Endowed with 25 percent of the world’s reserves of nickel, which makes up 40 percent of the basic materials of lithium batteries, Indonesia indeed has a strong comparative advantage not only to become one of the world’s largest producers of car batteries but also a major production base for EVs.

Analysts have estimated that Asian EV sales will expand by almost 25 percent in 2022 as major economies in the region have pledged to achieve carbon neutrality: Japan and South Korea in 2050, China in 2060 and Indonesia in 2070.

Korea’s huge investment in the car battery and EV production is also quite a strategic step for Korean car manufacturers to gain a bigger share of the car market in Indonesia, which has been largely controlled by Japanese companies.

The manufacturing of car batteries will be a big jump in the development of the upstream and downstream processing of nickel ores. As part of the enforcement of the 2019 Mining Law, which phased out mineral ore exports, investors, notably those from China, have rushed to build nickel smelters.

According to the Energy and Mineral Resources Ministry, three smelters in Morowali, Central Sulawesi, have been producing and exporting nickel pig iron and stainless steel slabs, and over 30 smelters are under construction in Kalimantan, Central, South and Southeast Sulawesi, as well as Halmahera Island in North Maluku.

The government expects the acceleration of EV manufacturing and the strong push into solar power will greatly reduce Indonesia’s huge oil imports and cut down its carbon emissions.

The problem however, is that most of the nickel smelters already in operation and those under construction have been designed to be powered by coal-fired electricity generation.
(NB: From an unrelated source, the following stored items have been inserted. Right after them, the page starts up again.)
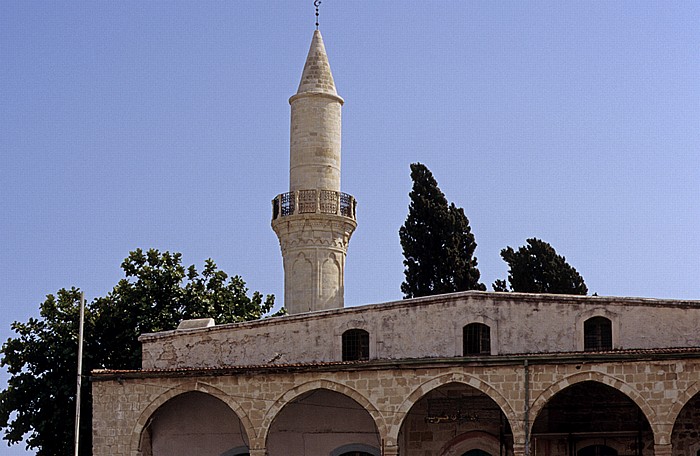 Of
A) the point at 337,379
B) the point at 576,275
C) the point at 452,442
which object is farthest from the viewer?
the point at 576,275

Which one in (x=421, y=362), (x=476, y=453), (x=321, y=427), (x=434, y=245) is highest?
(x=434, y=245)

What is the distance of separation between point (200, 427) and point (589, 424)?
8.50m

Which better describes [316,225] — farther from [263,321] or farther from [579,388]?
[579,388]

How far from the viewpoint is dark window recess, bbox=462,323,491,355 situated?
2933 cm

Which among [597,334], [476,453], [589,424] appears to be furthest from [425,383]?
[589,424]

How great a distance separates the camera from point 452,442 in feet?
98.1

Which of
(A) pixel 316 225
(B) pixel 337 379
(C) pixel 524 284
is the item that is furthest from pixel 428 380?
(C) pixel 524 284

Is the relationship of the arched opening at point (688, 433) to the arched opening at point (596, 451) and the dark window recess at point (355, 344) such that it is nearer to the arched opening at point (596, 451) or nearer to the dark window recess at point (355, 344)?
the arched opening at point (596, 451)

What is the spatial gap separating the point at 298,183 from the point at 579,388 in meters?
11.2

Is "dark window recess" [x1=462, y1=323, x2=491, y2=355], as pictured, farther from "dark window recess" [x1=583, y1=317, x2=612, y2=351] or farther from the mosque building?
"dark window recess" [x1=583, y1=317, x2=612, y2=351]

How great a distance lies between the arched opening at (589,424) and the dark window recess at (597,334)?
2.91 ft

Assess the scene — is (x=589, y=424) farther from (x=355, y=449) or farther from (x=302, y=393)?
(x=302, y=393)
The coal-fired power generation in Morowali, for example, has had to be expanded to almost 3,000 MW to support the three smelters.
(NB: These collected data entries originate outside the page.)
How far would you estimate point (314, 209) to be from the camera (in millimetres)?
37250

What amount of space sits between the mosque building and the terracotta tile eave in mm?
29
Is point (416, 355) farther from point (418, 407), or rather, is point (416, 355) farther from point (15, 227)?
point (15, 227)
The lack of power generation using renewable energy is the main problem in developing the upstream and downstream mining industries. Power generation usually accounts for 30 to 35 percent of the total investment of a smelter. The dilemma is that renewable energy such as hydropower and geothermal is not always available near nickel mines.

But the government cannot simply sidestep this energy problem and continue to use the abundantly available coal. The international market will not accept car batteries or EVs from Indonesia if their manufacturing is mostly powered by fossil fuels. The promotion of EVs as cutting carbon emissions would not be effective if the nickel smelting and car battery production are fired mostly by fossil fuels.